Retirement of Founding Director Winfried Menninghaus
On December 31, 2022, Winfried Menninghaus’s term of office at the Max Planck Institute for Empirical Aesthetics came to an end. In 2013, he was appointed as one of the founding directors of the Institute and has since headed the Department of Language and Literature. As is customary in the Max Planck Society, the department was closed upon his retirement.
Winfried Menninghaus primarily focused his research at our Institute on the aesthetically relevant features of linguistic utterances and texts and on the mechanisms of their cognitive, emotional, and aesthetic effects in poetry, literary prose, and everyday language. Special emphasis was placed on what Roman Jakobson refers to as “parallelisms,” repetitive-variant patterns in the phonology, morphology, and syntax of aesthetic language. For the first time, these patterns and their effects were empirically investigated in a more comprehensive way in Menninghaus’s department. Moreover, ancient speculations on the affinity of poems and songs with respect to melodic patterns could be put on a new basis in a multi-methodical way.
Beyond the narrower field of the aesthetics of language, members of Menninghaus’s department have published numerous theoretical and empirical studies, in particular on the properties and effects of what already the philosopher Kant had conceptualized as “ästhetische Gefühle”—i.e., feelings that involve aesthetic evaluation and hence are predictive of “aesthetic liking.” One main area of focus was the previously poorly studied construct of being moved, including its physiological correlates (“chills,” goose bumps). In this context, the ‘paradox’ of taking pleasure in negative feelings, which has been much discussed since the Aristotelian theory of tragedy, was also given a new explanation from the perspective of the psychology of aesthetics.
Winfried Menninghaus received his doctorate from the University of Marburg in 1979 with a study on Walter Benjamin’s theory of the “magic” dimensions of language and Paul Celan’s poetry.
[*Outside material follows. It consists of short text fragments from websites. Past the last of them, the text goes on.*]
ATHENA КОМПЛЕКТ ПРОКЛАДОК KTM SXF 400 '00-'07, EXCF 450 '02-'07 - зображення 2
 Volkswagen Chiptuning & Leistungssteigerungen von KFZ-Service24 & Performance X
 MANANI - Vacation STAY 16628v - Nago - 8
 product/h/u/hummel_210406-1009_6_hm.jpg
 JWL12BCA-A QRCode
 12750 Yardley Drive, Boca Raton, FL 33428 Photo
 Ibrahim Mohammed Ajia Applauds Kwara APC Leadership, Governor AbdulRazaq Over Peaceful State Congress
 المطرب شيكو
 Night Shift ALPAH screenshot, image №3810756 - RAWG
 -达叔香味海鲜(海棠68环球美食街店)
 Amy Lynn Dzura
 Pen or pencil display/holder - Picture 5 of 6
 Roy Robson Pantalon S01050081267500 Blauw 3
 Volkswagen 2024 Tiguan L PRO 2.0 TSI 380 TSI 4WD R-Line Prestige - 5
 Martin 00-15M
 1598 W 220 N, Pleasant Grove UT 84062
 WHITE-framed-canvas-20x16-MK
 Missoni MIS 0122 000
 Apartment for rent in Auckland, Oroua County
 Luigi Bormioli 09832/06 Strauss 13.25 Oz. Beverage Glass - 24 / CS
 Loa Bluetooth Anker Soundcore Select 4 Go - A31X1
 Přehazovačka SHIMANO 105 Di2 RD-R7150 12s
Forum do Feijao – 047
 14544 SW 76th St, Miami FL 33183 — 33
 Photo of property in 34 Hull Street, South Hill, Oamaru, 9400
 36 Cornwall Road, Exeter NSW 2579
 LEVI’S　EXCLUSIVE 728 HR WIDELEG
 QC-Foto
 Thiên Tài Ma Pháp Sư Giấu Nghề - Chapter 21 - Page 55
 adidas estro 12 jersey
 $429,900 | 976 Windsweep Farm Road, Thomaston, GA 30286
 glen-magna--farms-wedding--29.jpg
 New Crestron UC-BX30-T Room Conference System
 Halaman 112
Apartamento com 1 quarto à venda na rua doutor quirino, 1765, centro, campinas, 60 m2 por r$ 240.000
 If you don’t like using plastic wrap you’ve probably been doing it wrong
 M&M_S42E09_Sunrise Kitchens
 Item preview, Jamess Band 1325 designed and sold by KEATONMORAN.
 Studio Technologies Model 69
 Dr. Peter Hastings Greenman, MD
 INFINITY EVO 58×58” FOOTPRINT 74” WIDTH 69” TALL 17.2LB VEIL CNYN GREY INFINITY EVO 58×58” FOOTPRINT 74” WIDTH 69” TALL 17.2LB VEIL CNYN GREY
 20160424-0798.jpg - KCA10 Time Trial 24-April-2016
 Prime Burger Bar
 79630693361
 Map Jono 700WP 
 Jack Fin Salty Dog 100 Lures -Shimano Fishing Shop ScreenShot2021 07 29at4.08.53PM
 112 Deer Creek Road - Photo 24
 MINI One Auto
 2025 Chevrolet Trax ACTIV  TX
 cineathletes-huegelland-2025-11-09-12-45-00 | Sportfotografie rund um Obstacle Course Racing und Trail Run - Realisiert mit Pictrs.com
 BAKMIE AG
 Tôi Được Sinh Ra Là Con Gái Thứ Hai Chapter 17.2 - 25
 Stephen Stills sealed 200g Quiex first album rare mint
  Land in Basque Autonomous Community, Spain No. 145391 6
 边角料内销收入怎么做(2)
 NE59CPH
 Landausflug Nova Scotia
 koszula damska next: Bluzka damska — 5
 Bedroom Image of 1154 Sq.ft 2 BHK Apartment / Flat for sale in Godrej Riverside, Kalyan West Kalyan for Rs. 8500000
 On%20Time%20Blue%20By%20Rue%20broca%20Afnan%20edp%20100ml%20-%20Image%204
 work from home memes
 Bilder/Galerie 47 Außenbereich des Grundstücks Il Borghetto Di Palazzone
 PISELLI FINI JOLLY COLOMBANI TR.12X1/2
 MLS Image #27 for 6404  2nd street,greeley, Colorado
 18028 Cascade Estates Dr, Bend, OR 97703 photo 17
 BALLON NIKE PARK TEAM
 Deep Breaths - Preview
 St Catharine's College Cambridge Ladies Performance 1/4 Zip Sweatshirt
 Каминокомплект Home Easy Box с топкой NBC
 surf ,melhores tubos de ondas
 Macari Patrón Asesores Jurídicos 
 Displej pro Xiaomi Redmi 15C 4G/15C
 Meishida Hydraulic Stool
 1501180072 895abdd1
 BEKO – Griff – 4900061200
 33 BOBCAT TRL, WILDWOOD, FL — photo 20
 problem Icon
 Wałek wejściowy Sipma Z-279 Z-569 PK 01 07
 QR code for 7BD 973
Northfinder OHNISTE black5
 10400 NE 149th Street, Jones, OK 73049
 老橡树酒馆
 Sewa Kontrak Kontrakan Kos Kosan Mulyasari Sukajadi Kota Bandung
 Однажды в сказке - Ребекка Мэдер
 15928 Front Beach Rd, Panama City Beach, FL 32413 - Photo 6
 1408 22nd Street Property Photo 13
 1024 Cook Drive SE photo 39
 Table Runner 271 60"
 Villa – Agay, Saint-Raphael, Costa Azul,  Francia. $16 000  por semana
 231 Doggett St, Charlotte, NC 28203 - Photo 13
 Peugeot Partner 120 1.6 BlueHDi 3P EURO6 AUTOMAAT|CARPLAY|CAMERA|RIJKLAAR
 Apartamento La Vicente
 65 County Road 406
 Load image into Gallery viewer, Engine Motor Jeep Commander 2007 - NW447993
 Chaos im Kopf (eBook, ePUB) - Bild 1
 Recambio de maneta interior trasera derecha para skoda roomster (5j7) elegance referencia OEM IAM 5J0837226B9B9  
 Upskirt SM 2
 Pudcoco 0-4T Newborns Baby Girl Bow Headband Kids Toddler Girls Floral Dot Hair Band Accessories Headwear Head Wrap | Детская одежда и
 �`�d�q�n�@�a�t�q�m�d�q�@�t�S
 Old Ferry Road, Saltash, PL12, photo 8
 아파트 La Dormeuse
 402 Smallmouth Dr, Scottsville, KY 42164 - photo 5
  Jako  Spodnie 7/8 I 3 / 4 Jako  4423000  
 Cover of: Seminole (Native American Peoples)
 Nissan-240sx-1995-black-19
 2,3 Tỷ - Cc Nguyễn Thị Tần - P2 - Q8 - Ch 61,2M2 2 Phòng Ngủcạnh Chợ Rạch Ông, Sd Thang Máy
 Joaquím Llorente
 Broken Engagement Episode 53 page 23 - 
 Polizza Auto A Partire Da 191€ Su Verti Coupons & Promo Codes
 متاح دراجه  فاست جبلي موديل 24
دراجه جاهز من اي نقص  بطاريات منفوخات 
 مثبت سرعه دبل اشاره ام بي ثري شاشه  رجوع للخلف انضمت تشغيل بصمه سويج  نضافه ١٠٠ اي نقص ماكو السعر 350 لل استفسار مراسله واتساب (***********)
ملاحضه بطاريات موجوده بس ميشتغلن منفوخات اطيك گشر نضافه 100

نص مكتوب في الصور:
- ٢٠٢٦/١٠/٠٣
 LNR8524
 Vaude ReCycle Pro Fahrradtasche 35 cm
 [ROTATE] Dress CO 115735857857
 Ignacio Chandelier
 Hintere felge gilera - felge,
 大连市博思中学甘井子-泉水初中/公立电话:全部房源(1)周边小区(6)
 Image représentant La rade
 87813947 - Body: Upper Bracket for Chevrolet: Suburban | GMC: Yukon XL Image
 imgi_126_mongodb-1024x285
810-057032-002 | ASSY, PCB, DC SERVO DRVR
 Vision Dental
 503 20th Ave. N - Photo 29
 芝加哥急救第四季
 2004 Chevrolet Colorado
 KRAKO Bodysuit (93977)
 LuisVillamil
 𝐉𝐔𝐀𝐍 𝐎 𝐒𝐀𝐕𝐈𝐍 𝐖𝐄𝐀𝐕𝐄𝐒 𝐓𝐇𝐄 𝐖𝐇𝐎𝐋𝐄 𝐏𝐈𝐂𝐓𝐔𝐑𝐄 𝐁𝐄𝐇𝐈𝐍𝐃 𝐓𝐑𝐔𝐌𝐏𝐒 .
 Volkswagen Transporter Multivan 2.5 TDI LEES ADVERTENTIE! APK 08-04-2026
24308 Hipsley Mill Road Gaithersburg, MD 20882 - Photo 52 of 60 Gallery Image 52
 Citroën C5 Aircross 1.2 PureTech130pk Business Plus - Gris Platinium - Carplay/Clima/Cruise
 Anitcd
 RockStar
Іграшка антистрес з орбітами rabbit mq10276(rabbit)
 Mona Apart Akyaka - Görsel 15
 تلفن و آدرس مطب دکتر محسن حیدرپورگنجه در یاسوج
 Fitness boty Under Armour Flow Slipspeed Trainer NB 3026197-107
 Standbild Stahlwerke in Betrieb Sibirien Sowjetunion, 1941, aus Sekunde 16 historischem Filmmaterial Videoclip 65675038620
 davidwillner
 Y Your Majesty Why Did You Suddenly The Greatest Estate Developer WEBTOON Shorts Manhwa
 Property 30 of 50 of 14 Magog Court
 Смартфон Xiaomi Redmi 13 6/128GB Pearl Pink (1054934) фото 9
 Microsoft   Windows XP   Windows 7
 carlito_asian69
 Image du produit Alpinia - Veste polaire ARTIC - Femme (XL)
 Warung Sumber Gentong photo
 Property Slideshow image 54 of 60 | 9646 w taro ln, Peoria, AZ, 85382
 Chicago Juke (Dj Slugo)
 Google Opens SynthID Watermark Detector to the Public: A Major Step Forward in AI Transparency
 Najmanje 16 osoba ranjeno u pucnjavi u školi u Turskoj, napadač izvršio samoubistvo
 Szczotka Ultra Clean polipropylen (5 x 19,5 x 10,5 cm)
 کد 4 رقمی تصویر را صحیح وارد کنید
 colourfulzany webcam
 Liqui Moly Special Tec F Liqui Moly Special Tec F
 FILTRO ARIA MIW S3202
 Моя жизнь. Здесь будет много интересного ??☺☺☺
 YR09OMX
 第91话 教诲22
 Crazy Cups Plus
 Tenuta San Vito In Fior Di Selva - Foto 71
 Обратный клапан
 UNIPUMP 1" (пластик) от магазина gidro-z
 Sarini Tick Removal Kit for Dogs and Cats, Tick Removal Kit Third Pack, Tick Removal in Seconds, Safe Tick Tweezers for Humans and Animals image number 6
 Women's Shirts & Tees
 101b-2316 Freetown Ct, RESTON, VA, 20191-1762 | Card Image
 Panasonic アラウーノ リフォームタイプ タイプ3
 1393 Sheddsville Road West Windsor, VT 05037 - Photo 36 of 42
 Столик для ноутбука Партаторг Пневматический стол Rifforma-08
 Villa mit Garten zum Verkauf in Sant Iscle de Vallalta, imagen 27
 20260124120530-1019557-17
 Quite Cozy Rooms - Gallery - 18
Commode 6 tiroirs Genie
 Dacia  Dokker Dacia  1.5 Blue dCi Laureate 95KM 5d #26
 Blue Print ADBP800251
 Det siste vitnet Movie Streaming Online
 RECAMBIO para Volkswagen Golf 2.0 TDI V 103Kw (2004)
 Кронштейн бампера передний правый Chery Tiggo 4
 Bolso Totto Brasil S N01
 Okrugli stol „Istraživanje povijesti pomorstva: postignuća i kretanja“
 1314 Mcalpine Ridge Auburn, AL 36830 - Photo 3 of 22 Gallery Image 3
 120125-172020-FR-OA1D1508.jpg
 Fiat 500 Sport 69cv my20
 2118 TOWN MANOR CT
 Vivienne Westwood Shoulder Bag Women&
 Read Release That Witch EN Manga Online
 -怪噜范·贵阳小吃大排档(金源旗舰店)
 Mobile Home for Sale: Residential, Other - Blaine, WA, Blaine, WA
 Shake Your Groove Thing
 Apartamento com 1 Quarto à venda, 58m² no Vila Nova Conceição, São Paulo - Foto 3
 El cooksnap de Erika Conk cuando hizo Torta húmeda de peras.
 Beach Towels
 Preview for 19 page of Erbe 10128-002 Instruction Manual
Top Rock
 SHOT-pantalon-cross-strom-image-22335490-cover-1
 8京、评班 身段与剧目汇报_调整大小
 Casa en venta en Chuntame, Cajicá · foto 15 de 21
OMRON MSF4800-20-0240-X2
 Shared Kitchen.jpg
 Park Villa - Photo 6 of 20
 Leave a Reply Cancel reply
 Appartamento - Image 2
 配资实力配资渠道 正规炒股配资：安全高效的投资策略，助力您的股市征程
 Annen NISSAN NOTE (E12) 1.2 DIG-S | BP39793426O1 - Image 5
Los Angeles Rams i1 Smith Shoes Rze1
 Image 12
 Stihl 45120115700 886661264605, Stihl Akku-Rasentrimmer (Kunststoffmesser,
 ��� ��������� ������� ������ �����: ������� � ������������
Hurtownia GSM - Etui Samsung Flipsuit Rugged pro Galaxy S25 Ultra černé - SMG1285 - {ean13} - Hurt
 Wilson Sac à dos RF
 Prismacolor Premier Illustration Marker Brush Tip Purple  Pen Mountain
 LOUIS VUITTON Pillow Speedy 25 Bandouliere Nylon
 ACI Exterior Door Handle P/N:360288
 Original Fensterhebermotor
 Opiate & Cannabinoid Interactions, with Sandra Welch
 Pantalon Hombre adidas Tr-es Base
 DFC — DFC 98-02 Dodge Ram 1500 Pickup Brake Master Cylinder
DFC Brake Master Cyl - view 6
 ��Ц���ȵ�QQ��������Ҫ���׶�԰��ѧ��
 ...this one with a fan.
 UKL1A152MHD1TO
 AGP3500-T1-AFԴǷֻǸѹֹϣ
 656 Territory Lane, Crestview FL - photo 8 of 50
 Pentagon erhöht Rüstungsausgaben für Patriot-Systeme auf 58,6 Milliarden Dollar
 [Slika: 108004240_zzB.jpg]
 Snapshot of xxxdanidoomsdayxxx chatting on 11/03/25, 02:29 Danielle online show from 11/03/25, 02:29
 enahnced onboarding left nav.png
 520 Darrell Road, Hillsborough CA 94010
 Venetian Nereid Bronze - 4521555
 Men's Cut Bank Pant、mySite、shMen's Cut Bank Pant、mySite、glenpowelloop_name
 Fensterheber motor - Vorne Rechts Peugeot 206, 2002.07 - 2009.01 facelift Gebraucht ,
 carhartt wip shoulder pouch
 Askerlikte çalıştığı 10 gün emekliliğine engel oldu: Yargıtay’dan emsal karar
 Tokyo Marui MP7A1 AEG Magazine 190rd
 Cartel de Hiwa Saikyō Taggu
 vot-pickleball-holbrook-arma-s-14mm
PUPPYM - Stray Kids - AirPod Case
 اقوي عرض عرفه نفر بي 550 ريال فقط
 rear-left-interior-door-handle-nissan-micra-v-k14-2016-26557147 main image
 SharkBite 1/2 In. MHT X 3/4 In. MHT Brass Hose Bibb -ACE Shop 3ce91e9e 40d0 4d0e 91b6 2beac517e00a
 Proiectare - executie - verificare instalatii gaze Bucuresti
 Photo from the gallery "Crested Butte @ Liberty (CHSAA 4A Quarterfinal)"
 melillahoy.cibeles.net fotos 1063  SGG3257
In addition to studies on Shakespeare, Goethe, Klopstock, Hölderlin, Kafka, Ludwig Tieck, Gottfried Keller, Franz Kafka, and other authors, he has also published extensive books on the philosophy of beauty and disgust.
From 1985 to 1989, Winfried Menninghaus first worked as researcher and lecturer at what is now the Peter Szondi Institute at Freie Universität Berlin; he was subsequently appointed professor of comparative literature there, a position he held until 2013. He also had offers for distinguished senior professorships at Yale and Princeton Universities. In 2007, Winfried Menninghaus established the research cluster “Languages of Emotion” at Freie Universität Berlin, involving more than 20 different disciplines. It was in this context that he began his empirical research on the aesthetics of language.
In 2013, together with Melanie Wald-Fuhrmann, he was appointed founding director of the MPI for Empirical Aesthetics. From April 2015 to March 2017, he was Managing Director of the still young institute. During this time, he also strongly advocated for the site of the former Dondorfsche Druckerei in Frankfurt-Bockenheim to become the future location of the Institute.